Yeni siyaset sadece bir ambalaj faaliyetinden ibaret olmamalı. Nitekim, meseleye böyle yaklaşanların yapaylığını, propagandalarının ana hedefi olan Z kuşağının hissettiği de aşikâr.
Öte yandan, eski siyaset de sadece yaşla veya siyasette geçirilen süreyle alakalı bir konu değil (hele de yaş almış insanlara karşı acımasız bir ötekileştirmenin uygulandığı Covid-19 günlerinde bunu bilhassa belirtmek isterim). Uzun siyasi tecrübesi olup da yeni siyasetin önünü açan kişiler de var, genç ve siyasete yeni girmiş olmasına rağmen eski tarz siyaset yapanlar da.

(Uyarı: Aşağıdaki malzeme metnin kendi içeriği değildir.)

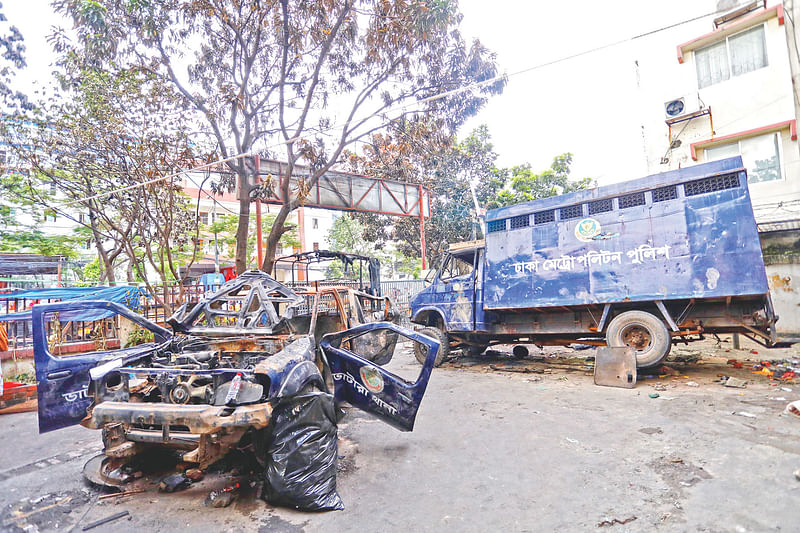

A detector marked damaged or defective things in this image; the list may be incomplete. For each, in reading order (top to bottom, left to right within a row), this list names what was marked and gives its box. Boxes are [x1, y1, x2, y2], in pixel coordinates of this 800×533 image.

detached car door [33, 300, 171, 432]
burnt car door panel [35, 300, 173, 432]
charred bodywork [34, 270, 440, 470]
burnt car wreck [34, 272, 440, 510]
detached car door [320, 320, 444, 432]
burnt car door panel [320, 322, 444, 430]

Maharet hem üslup hem içerik anlamında yeni siyaseti net bir çerçeveye oturtmakta ve toplumun ihtiyaç ve taleplerini çözmekte. Yeni Kamusallık yazısının sonunda da belirtmiştim: "Einstein'in meşhur sözündeki gibi, problemleri onlara sebep olan yaklaşımlarla çözemeyiz. Baş döndürücü değişimleri (dijital dönüşüm, küreselleşme) ve yepyeni meydan okumaları (iklim krizi, negatif faiz, salgın) ancak yeni bir perspektifle, yeni kavramlarla ve yeni bir siyasetle aşabiliriz."
Mars'a gitmek gerçekten ilginç bir fikir. Ancak bir süre daha dünyamızda yaşamaya devam edeceğiz! Bize düşen, yeni siyaseti doğru kurgulamayı başarmak ve buradaki hayat tecrübemizi iyileştirmek.